Hypertextual and object-oriented approaches to text-management software seem to be rediscovering aspects of processing a text which scholars in the humanities have known for centuries. The description of the process of scholarly interaction with text given by Comenius in 1659 (figure 3) has many similarities with the process of browsing through an interactive electronic text: the scholar who `picketh all the best things out of them into his own Manual' (i.e. notebook) now `pastes them into the clipboard' but only the technology has changed. The structure of Comenius' work also has much in common with a hypertext, with its large macro-structure, and point to point linkage between three separate windows (graphic, Latin and vernacular). It can be read sequentially or by direct access. It contains pointers to other works and other sections of this work.

In non electronic texts a whole series of conventions is already in place to cater for the process of interacting with many combined texts, by way of such devices as annotations, commentary and apparatus criticus (figure 4). Hypertextual analogues to these conventions are still being defined: when they do emerge they will offer exciting possibilities. As one example, consider the conventional apparatus criticus in which a 'master text' is associated with a set of notes summarising the variant states in other versions of the master text throughout the text. This complex textual object could be represented as a network in which each node is a variant state and the arcs represent the paths taken by one or more versions of the text through the possible states. It would then be possible to generate each state of the text independently (as a path through the network) and compare them side by side. It would also be possible to group versions together in terms of the number of nodes they share, automatically generating stemmata or minimum spanning trees.

5. Conclusions

Information technology is not inherently reductionist; on the contrary it is only the latest in a long series of methods used by applied hermeneutics, the explication of stored knowledge . To realise the full potential of electronic texts, we need to consider at least three aspects of a text in parallel: as well as concerning ourselves with its physical appearance, we need to recognise its uniquely linguistic properties and their semantics. Semantic considerations additionally imply a concern with the ways in which texts are read, for which our existing electronic models seem barely adequate.
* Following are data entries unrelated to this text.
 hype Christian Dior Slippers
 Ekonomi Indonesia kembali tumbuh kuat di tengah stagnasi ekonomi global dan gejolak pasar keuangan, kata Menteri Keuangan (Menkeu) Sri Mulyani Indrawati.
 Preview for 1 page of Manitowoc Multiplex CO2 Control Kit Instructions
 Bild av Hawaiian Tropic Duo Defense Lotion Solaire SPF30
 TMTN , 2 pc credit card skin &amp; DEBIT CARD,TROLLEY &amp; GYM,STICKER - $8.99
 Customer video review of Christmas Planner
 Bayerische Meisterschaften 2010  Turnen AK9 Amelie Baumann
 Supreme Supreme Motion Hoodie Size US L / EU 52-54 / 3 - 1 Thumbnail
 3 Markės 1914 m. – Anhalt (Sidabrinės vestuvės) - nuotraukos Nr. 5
Market forces will doubtless insure that the electronic texts of the future will be protean in appearance; the importance which will be attached to considerations concerning their internal structure and functionality is less predictable.

The meaning of a text is the product of a complex series of interactions between the words of which it is composed and the social, historical and literary contexts in which it was composed and is read. Combining texts with dictionaries and thesauri is one way of enhancing the retrieval capabilities of existing systems which takes advantage of this fact . Generalising this method to identify, for example, literary allusions is more problematic, but poses no additional technical problems, with the advent of cheap mass disk storage and efficient text search engines.
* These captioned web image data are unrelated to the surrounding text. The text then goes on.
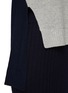 EQUIL - BI-COLOR LONG SLEEVES CASHMERE SWEATER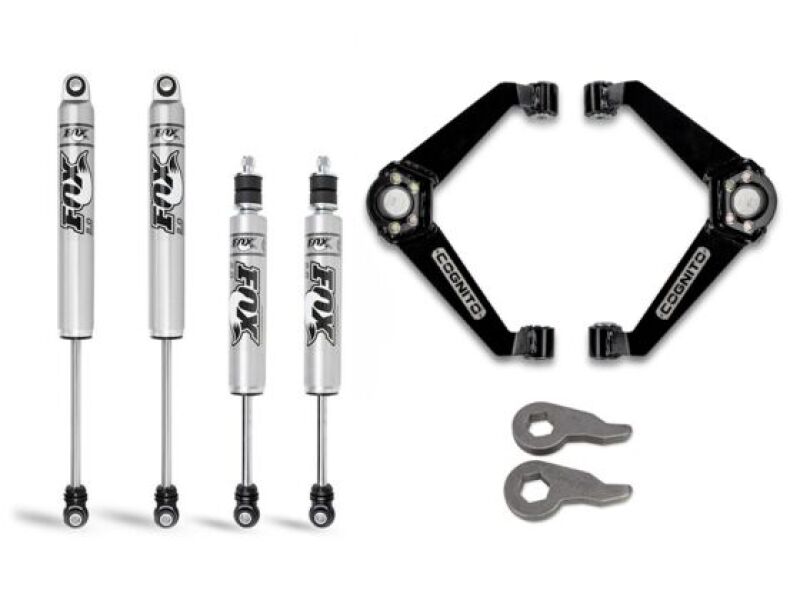 Cognito 01-13 Chevy/GMC Silv/Sierra 2500/3500 HD 2WD/4WD 3in Perf Leveling Kit w/ Fox PS 2.0 IFP 110-P0753 110-P0753 Photo - Primary
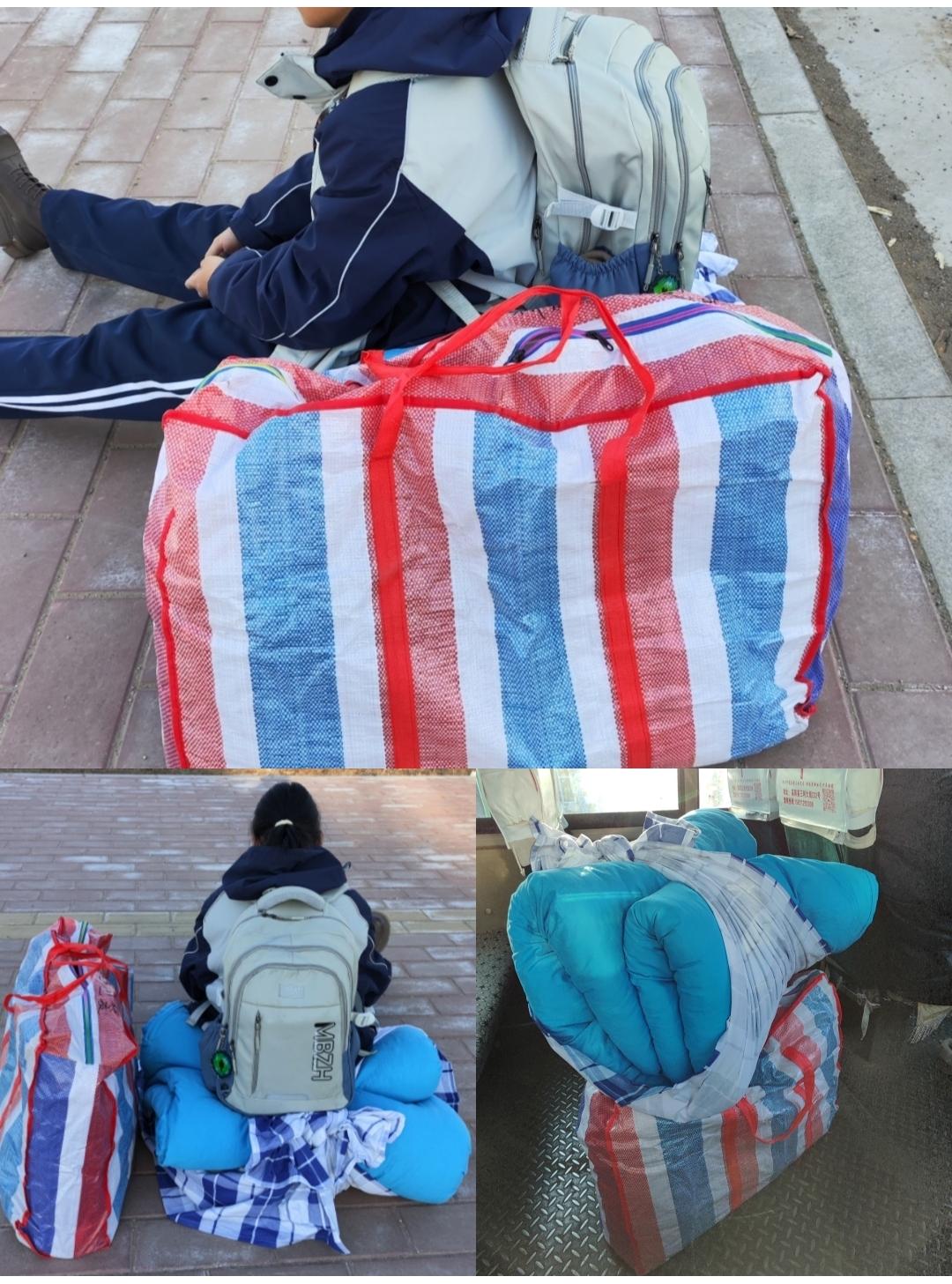 这次孩子不需要爸爸，我也不需要老公了。女儿上初中住宿，今天接到学校通知，明天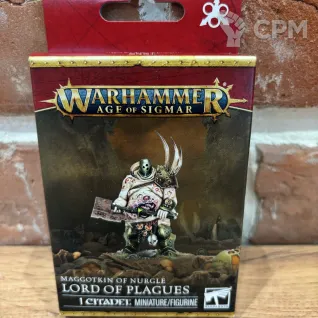 Описание картинки Lord of Plagues от WarhammerBaby по цене 1 885руб | Свободный Рынок Миниатюр - СРМ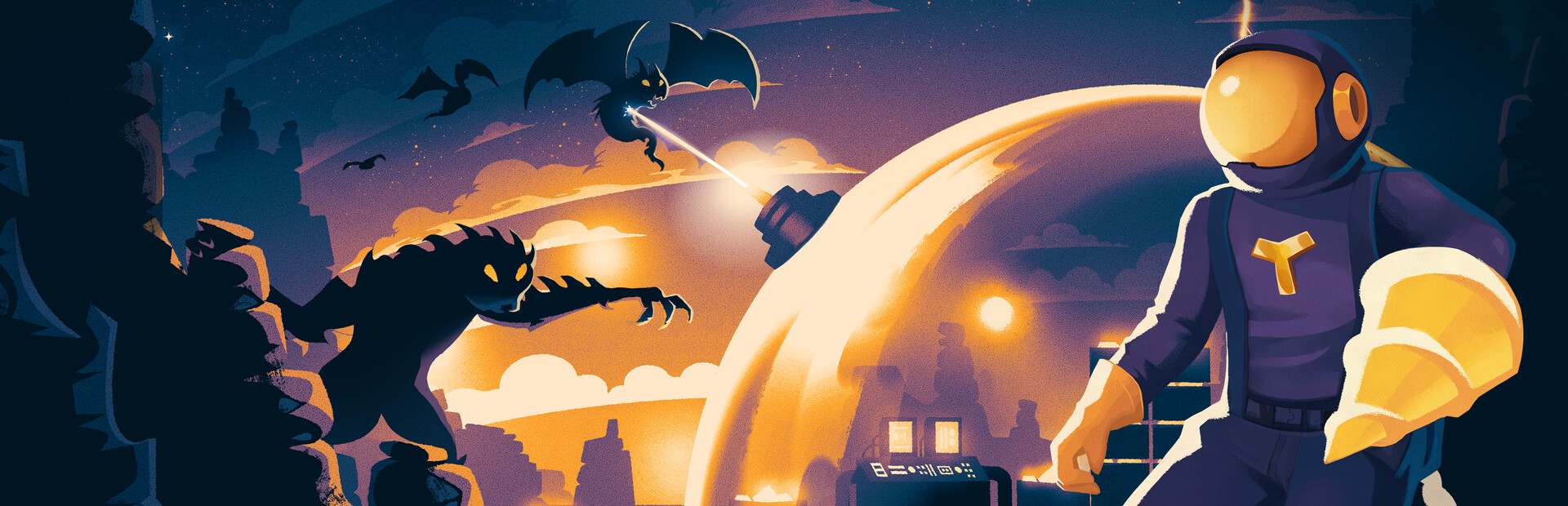 Игра Dome Keeper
An analysis of the full structural complexity of a text requires recognition of elements that may operate at many levels and sometimes simultaneously in many different descriptive or structural hierarchies. Tagging which is descriptive rather than narrowly functional is one step in the direction of supporting this requirement for electronic texts. Some aspects of the kind of text processing generally characterised as `object oriented', notably property inheritance, also facilitate this process, by enormously reducing the burden of type definition. Indeed, the object oriented approach, in which the processes that can be applied to an object are regarded as a part of the semantics of its datatype, approximates very closely to the way texts are read. This re-coupling of data and process may therefore prove to be of more consequence in the evolution of electronic text systems than those systems which require the definition of a `deep structure' or syntax for the texts to be processed independent of the processes to be carried out on them.